In 1970 callers and cuers from the Maritime provinces decided to climb out on a limb by organizing a special weekend event aimed at attracting dancers from all three Maritime provences: New Brunswick, Nova Scotia, and Prince Edward Island. Part of the attraction, it was hoped, would be that leaders from all those provences would be on staff. There was apparently some apprehension: would anyone show up?
Amazingly, they did! The first Maritime convention was a huge success; and in following years as many as 1000 dancers attended. Over time the numbers have declined, yet those who come still leave with good memories. The Maritime Convention remains unique in the Maritime dance scene.
The following pictures were taken during the fiftieth convention, held at the Glengarry Best Western Hotel in Truro. As he prowled the dance floors snapping away, the photographer was sometimes asked "What do you do with all those pictures?" The usual reply was something like "Well, 90 percent of what I shoot usually turns out to be garbage. Some of the rest, though, might just end up on the Internet." Guess what; here they are!
At the Registration Desk, Martin Belanger will drill a hole in your badge for the special 50th Anniversary Dangle.
Note: After consultation with Faye Germon, right, it is decided that badges should be removed prior to drilling.
Jim DesBarres calling in front of the Mainstream Hall decorations
Round dancers always have a place at Maritime Conventions.

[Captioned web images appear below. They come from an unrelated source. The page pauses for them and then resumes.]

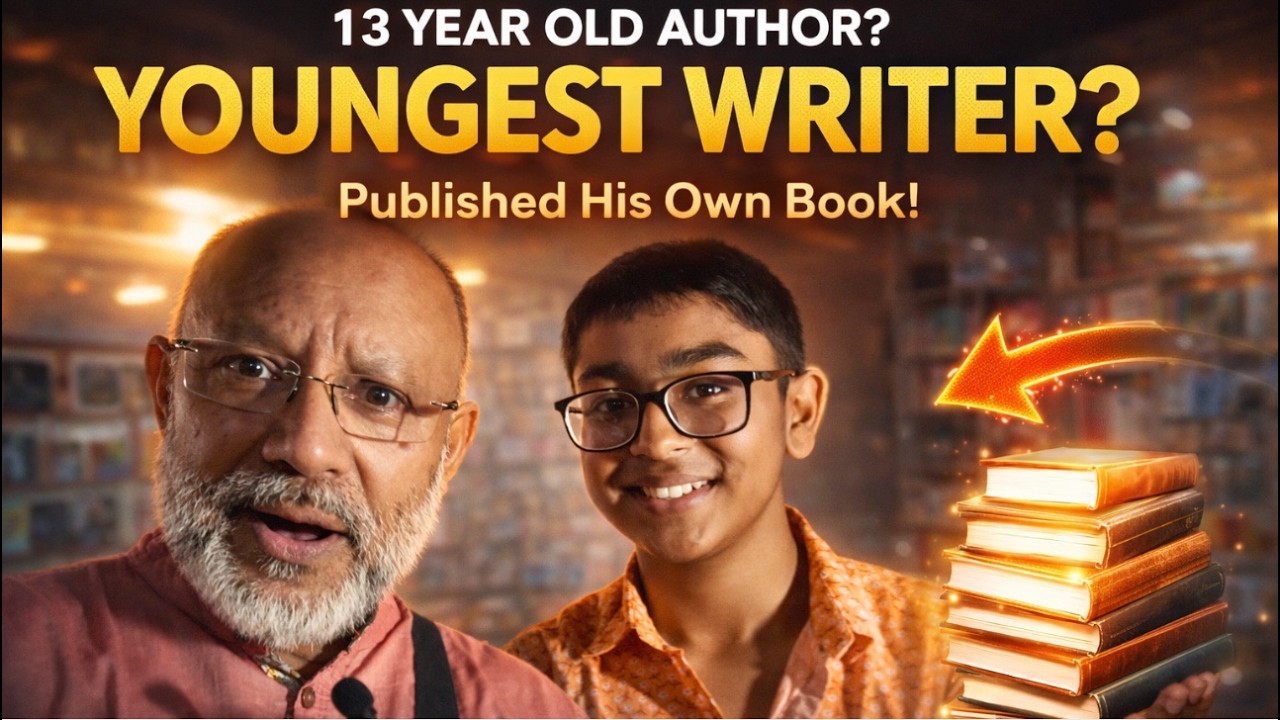 ১৩ বছরেই লেখক! বই মেলার চমক || 13 Year Old Author at Omor Ekushe Boi Mela Vlog.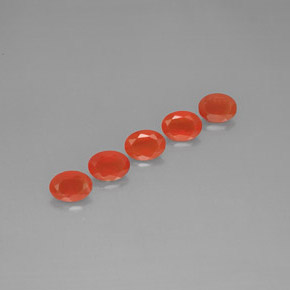 Gemas de cornalina naranja natural de  ct, transparente, transparente / translúcido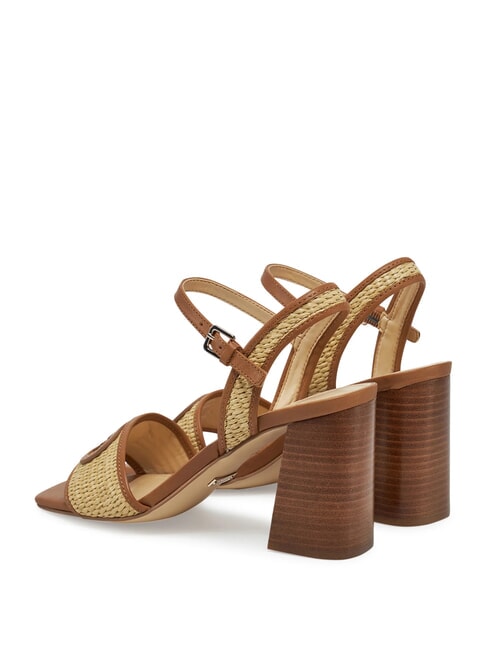 GANIKA Sandalias altas con banda de rafia natural - Zapatos Mujer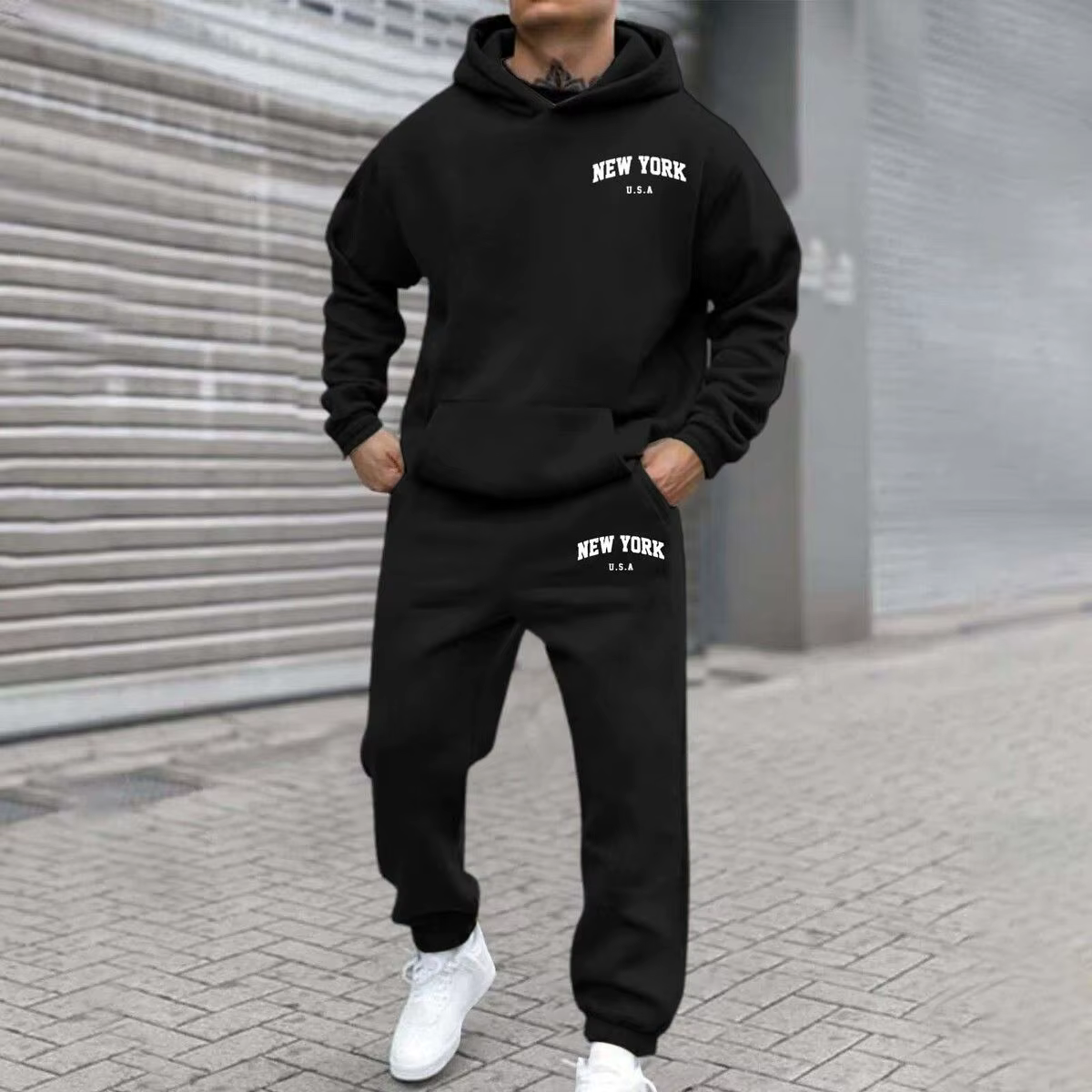 Amazon transfrontalier vente chaude nouveauté hommes et femmes Streetwear à la mode polaire à capuch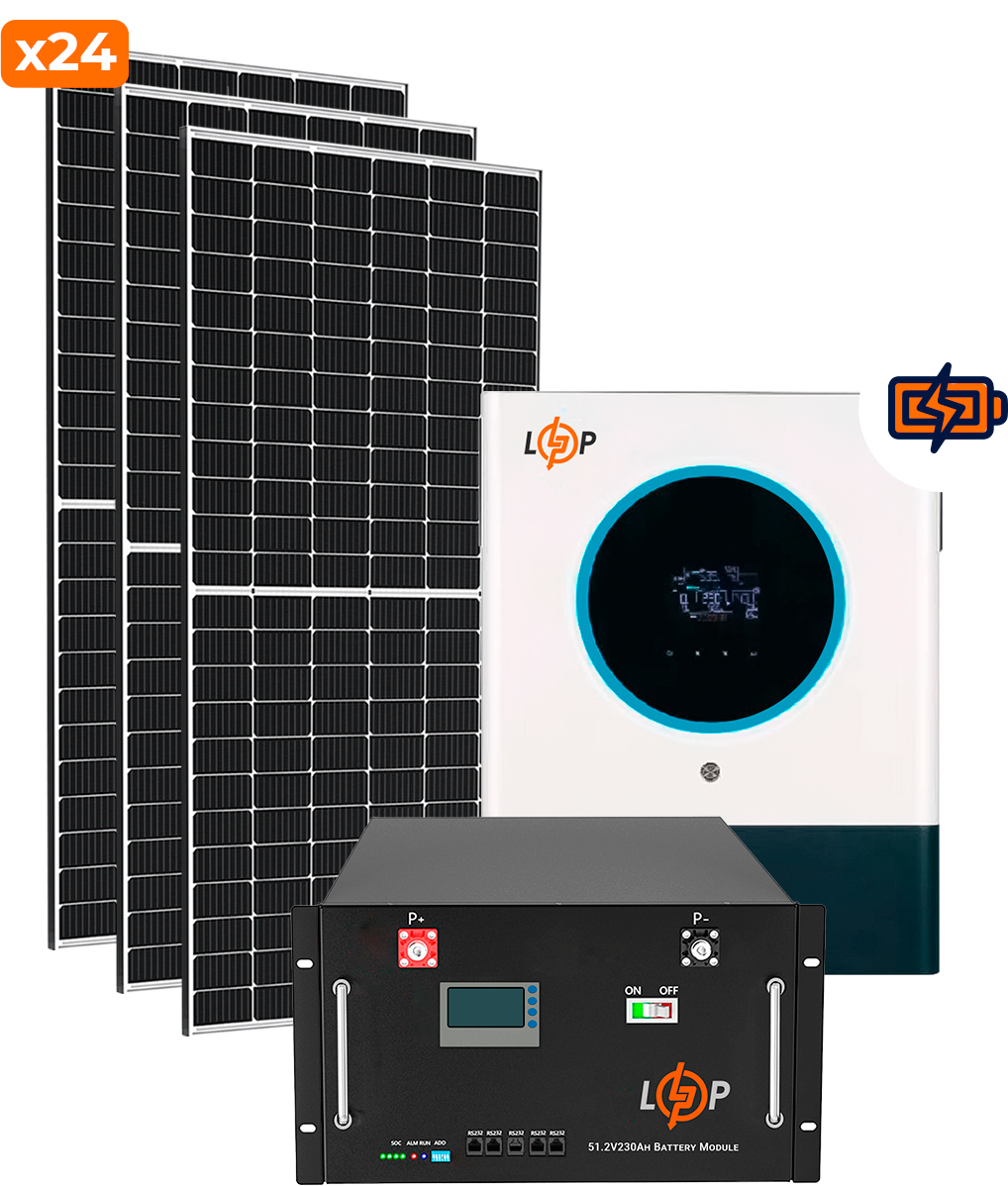 Система резервного питания LogicPower Премиум + 11kW АКБ 11kWh LiFePO4 230 Ah в интернет-магазине, главное фото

Moments from the Mainstream Hall on Saturday
Contra dancers take over the floor.
Want to dance the next tip but can't quite make a square? Experienced dancers know the solution: ask a phantom (or two) to fill in! Phantoms are spirits who come when needed, and do their part of the action so the real folks can dance. They are, however, quite mischievous, and their antics can cause all sorts of hilarious bloopers by real dancers! Thankfully, phantoms disappear when no longer needed. Like its namesake, this newsletter first came when needed — to fill in for it's predecessor Between Tips. It's antics have been largely harmless, and it was expected to "go poof" when a new Between Tips editor was found. Such editors, however, seem to be rare birds; expect The Phantom to haunt the SRDFNS web site for awhile yet!